Flood of Import Containers Disrupts U.S. Intermodal Rail
The flood of import cargo arriving at the main U.S. gateway ports has started to overwhelm the intermodal rail network, which carries a substantial share of the import volume to inland markets in the Midwest.
Number-two ocean carrier MSC announced Monday that with record-setting import volumes still pouring into the U.S., rail operators have started to meter inbound trains from both West Coast and East Coast ocean terminals.
Starting Sunday and extending for the next two weeks, BNSF will be reducing import rail traffic from the U.S. West Coast ports of Los Angeles and Long Beach, MSC said. Oakland and Tacoma are not currently affected.
The line said that this slowdown will affect delivery of cargo that is bound for the BNSF midwest rail hub in Chicago. Affected boxes will be held at marine terminals until the restriction is lifted. The line cautioned that any change of destination for a given shipment may be challenging.
On the East Coast, BNSF is now metering container shipments from PNYNJ to Chicago, Cleveland and Indianapolis, and this is set to continue with no specific end date. "If the current scenario does not improve, these temporary measures may very well spread to other ramps," MSC cautioned.
On Southern California-to-Chicago routes, BNSF has already been diverting some inbound trains onto alternate tracks so that they arrive late, or parking them for extended periods on sidings to keep them out of the way until there is room at Chicago. A large part of the problem lies in a shortage of chassis to carry arriving containers away from the intermodal rail hubs and on to their final destination. This is in large part because customers are not unpacking their boxes and returning the chassis as quickly as they used to, leaving the chassis pool tied up off-site, according to BNSF.

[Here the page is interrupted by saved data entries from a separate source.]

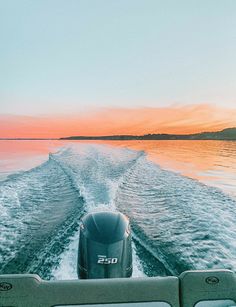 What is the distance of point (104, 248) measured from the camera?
126 inches

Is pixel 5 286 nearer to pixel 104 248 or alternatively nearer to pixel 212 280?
pixel 212 280

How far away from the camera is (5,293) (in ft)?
5.90

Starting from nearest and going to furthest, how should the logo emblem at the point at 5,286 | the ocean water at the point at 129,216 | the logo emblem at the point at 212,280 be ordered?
the logo emblem at the point at 5,286, the logo emblem at the point at 212,280, the ocean water at the point at 129,216

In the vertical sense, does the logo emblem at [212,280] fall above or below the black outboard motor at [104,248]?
above

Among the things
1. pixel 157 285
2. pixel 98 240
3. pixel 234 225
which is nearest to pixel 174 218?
pixel 234 225

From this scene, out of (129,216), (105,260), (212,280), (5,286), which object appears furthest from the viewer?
(129,216)

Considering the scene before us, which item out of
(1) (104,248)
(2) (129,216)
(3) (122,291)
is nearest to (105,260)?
(1) (104,248)

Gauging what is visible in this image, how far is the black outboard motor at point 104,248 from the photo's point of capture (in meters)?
3.15

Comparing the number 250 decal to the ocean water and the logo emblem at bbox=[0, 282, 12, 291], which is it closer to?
the ocean water

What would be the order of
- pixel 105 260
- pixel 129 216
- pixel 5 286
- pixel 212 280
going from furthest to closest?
1. pixel 129 216
2. pixel 105 260
3. pixel 212 280
4. pixel 5 286

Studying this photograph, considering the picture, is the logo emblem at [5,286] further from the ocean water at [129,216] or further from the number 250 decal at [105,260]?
the ocean water at [129,216]

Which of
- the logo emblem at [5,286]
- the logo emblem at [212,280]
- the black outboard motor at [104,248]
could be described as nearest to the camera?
the logo emblem at [5,286]

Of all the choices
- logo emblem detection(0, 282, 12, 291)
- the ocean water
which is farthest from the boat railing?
the ocean water

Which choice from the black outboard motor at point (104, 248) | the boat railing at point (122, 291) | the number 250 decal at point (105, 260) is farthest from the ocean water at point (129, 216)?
the boat railing at point (122, 291) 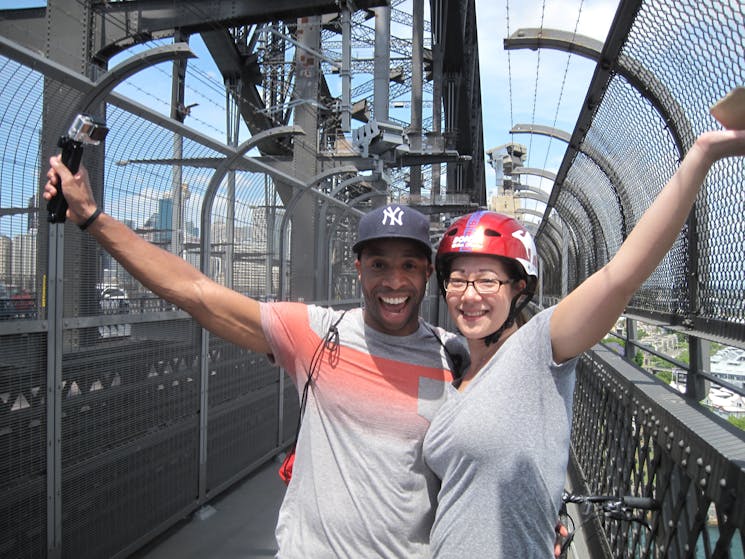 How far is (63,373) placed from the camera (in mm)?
3307

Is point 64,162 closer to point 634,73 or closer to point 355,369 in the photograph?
point 355,369

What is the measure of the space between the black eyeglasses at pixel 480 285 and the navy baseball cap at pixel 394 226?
0.25 meters

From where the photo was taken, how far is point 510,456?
1506 mm

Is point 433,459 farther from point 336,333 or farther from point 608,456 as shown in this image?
point 608,456

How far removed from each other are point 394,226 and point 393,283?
7.4 inches

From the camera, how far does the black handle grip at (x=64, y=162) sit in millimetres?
1944

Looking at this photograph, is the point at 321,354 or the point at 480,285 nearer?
the point at 480,285

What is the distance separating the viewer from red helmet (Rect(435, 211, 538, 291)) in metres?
1.87

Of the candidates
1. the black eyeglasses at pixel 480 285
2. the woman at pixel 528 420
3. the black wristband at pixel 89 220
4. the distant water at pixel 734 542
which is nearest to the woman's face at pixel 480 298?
the black eyeglasses at pixel 480 285

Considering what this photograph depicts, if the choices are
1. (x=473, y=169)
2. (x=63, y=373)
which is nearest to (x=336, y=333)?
(x=63, y=373)

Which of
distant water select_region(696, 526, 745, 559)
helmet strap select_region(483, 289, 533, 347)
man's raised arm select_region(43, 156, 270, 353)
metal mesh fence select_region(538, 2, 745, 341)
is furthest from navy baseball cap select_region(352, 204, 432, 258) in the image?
distant water select_region(696, 526, 745, 559)

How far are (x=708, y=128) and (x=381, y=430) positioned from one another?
187cm

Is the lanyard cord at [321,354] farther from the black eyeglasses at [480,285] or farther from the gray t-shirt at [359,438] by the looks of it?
the black eyeglasses at [480,285]

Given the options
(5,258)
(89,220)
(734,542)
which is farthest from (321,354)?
(5,258)
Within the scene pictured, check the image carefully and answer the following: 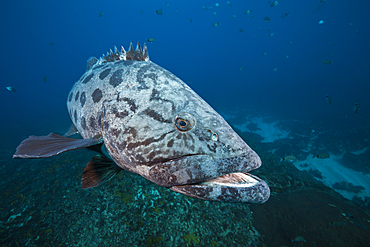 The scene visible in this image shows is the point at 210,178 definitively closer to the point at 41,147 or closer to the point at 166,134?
the point at 166,134

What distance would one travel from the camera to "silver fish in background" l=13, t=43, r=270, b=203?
1.41 metres

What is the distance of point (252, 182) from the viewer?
1.51 metres

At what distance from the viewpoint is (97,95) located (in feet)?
7.77

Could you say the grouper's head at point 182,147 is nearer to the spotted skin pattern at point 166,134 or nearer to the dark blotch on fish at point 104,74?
the spotted skin pattern at point 166,134

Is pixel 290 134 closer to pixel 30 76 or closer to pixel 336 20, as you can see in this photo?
pixel 336 20

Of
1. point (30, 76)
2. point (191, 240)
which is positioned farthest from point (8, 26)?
point (191, 240)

The main intermodal hubs in Chicago have no straddle carriers or container storage stacks: they load each box right from the rail car onto a chassis for quick removal. While efficient, the system relies on an adequate and continuous supply of chassis - a supply that is currently under strain.
Rail line Union Pacific has enacted a similar pause, halting all shipments of international containers from West Coast marine terminals to its main Chicago hub. The pause is intended to help the facility work out a backlog of cargo and to free up empty rail cars. UP may also restart a second, recently-idled hub complex in the Chicago area to deal with the extra traffic, according to Trains.com.